* [Requirement] I'd like the entries repeated exactly, without their pictures.
Supplied data section start
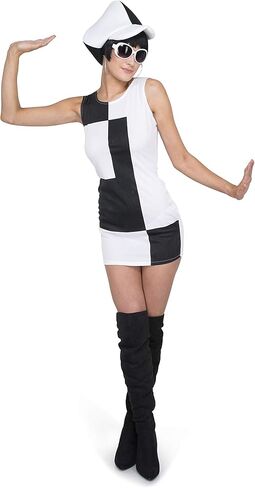 زي نسائي أحادي اللون من الستينيات in Kuwait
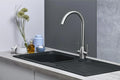 Kitchen Sink Single black 1.0 Bowl Reversible Inset With Waste Kit — main product view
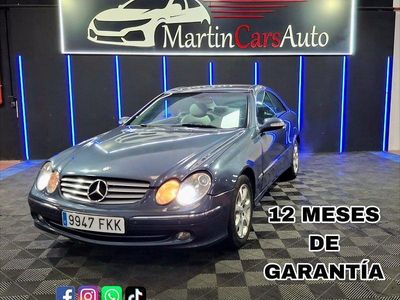 Usado Mercedes CLK270 Elegance 170 CV (125 kW) 2003 Gris / plata Coupe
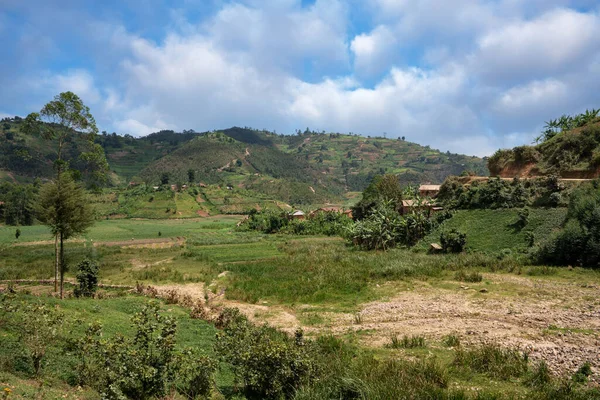 Image Panoramique Paysage Rural Ouganda — Photo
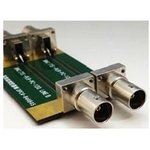 BNC(75)-BLR-PC-12G, RF Connectors / Coaxial Connectors RECPT 75OHM 12GHZ RA THT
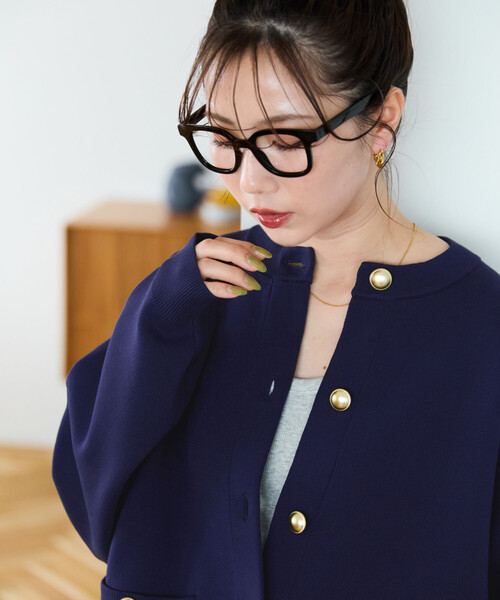 限定展開 金ボタン ニット カーディガン（カーディガン/ボレロ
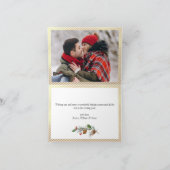 Modern Golden Kerstmis 3 PHOTO-groet Feestdagen Kaart (Binnen)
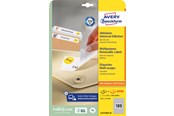 Papier, papier fotograficzny i etykiety - Avery Removable labels white - L4731REV-25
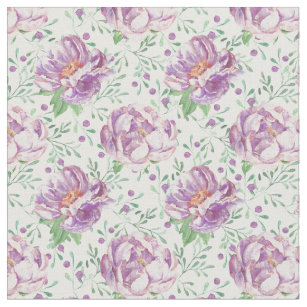 Purple Watercolor Fabric | Zazzle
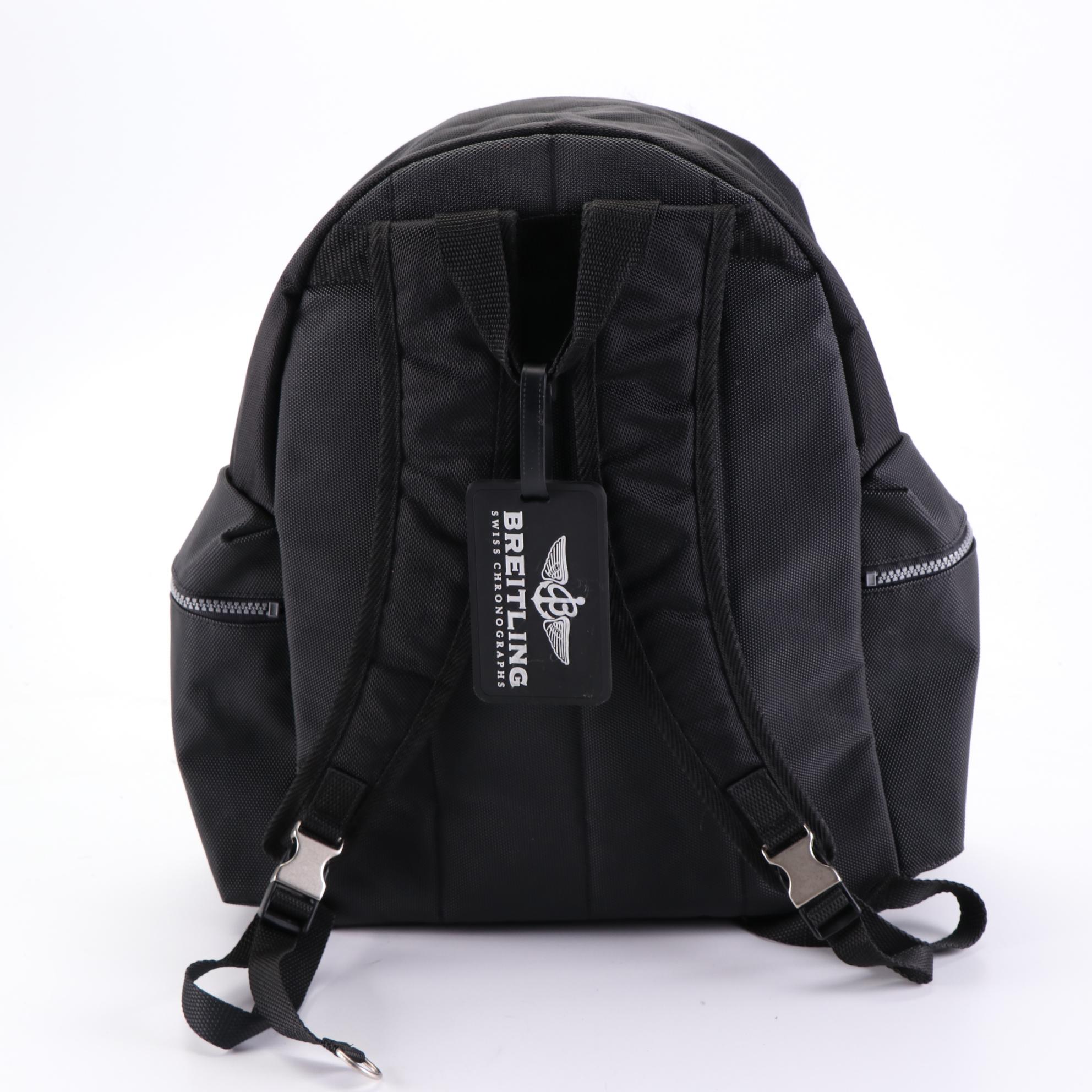 Breitling Swiss Chronograph Backpack and Rolex Promotional Briefcase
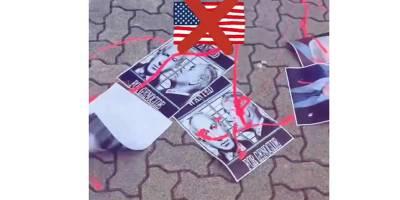 Strasbourg’ta ABD Konsolosluğu önünde Filistin için protesto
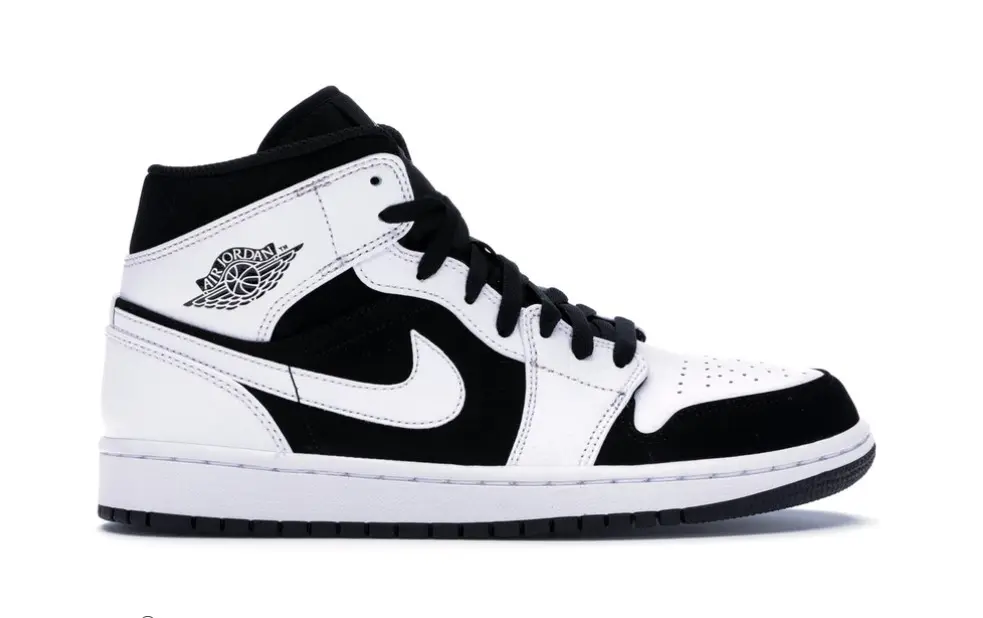 NIKE AIR JORDAN 1 MID WHITE BLACK - Imagen 2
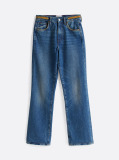 Μπλε Ψηλόμεσο Τζιν Σε Bootcut Γραμμή  Γυναίκες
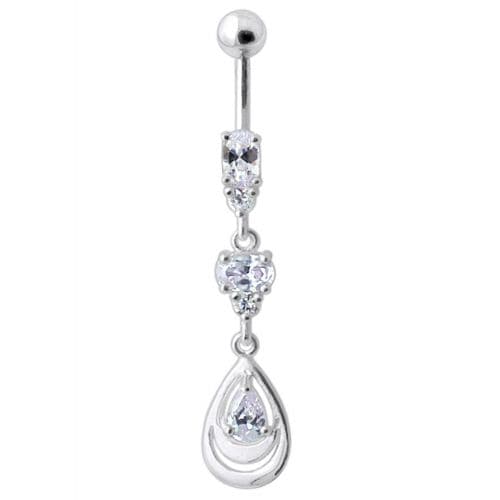 Fancy Jeweled Navel Belly Button Ring - Monster Piercing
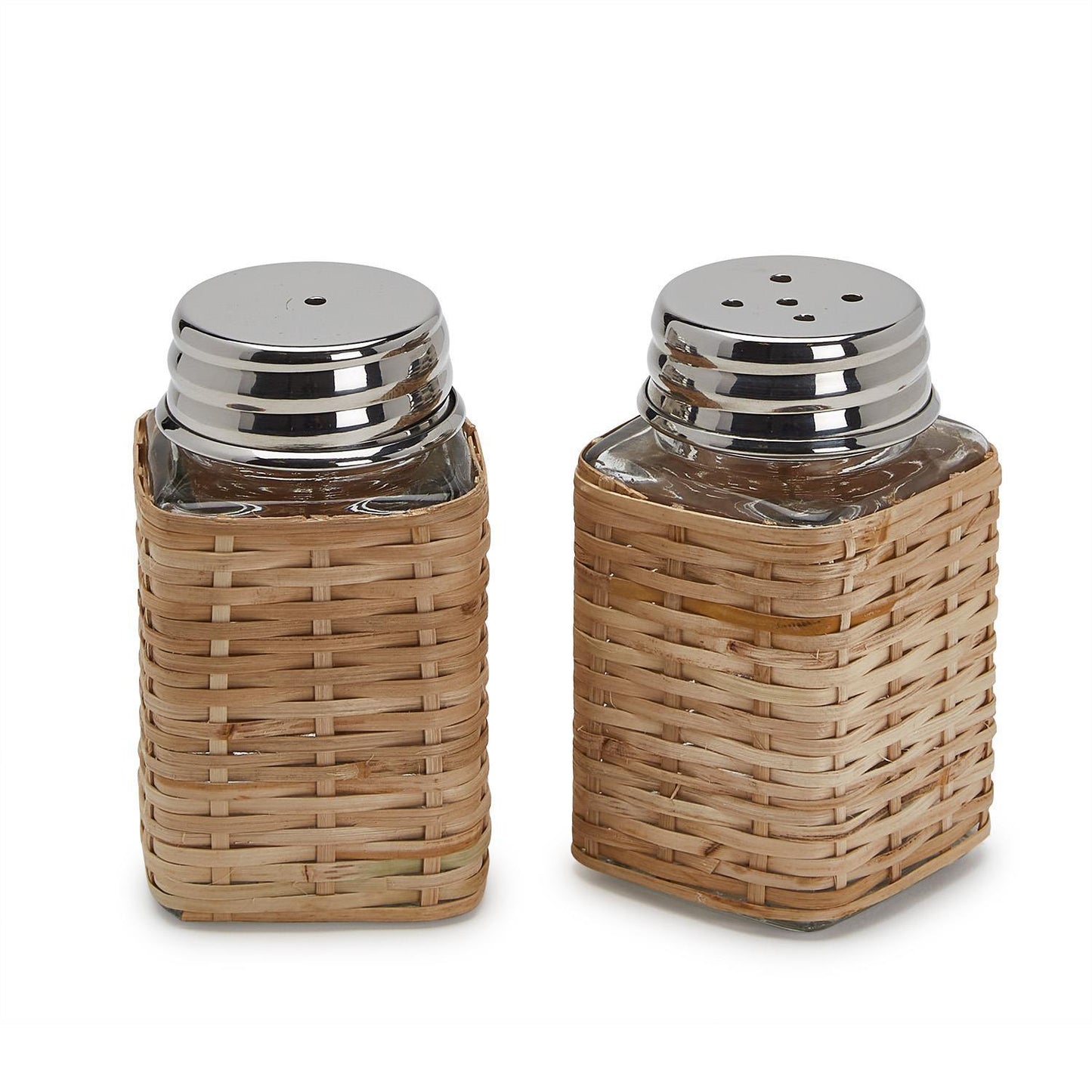 Rattan Salt & Pepper Shakers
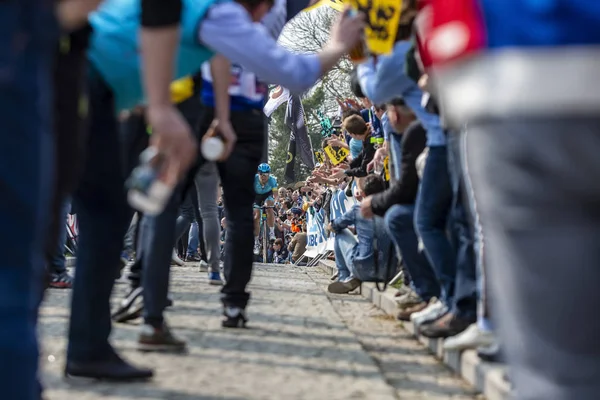 Cyklisten Magnus Cort Nielsen-rundtur i Flandern 2019 — Stockfoto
Supplied data section end
* [Exercise response]
 زي نسائي أحادي اللون من الستينيات in Kuwait
 Kitchen Sink Single black 1.0 Bowl Reversible Inset With Waste Kit — main product view
 Usado Mercedes CLK270 Elegance 170 CV (125 kW) 2003 Gris / plata Coupe
 Image Panoramique Paysage Rural Ouganda — Photo
 BNC(75)-BLR-PC-12G, RF Connectors / Coaxial Connectors RECPT 75OHM 12GHZ RA THT
 限定展開 金ボタン ニット カーディガン（カーディガン/ボレロ
 Modern Golden Kerstmis 3 PHOTO-groet Feestdagen Kaart (Binnen)
 Papier, papier fotograficzny i etykiety - Avery Removable labels white - L4731REV-25
 Purple Watercolor Fabric | Zazzle
 Breitling Swiss Chronograph Backpack and Rolex Promotional Briefcase
 Strasbourg’ta ABD Konsolosluğu önünde Filistin için protesto
 NIKE AIR JORDAN 1 MID WHITE BLACK - Imagen 2
 Μπλε Ψηλόμεσο Τζιν Σε Bootcut Γραμμή  Γυναίκες
 Fancy Jeweled Navel Belly Button Ring - Monster Piercing
 Rattan Salt & Pepper Shakers
 Cyklisten Magnus Cort Nielsen-rundtur i Flandern 2019 — Stockfoto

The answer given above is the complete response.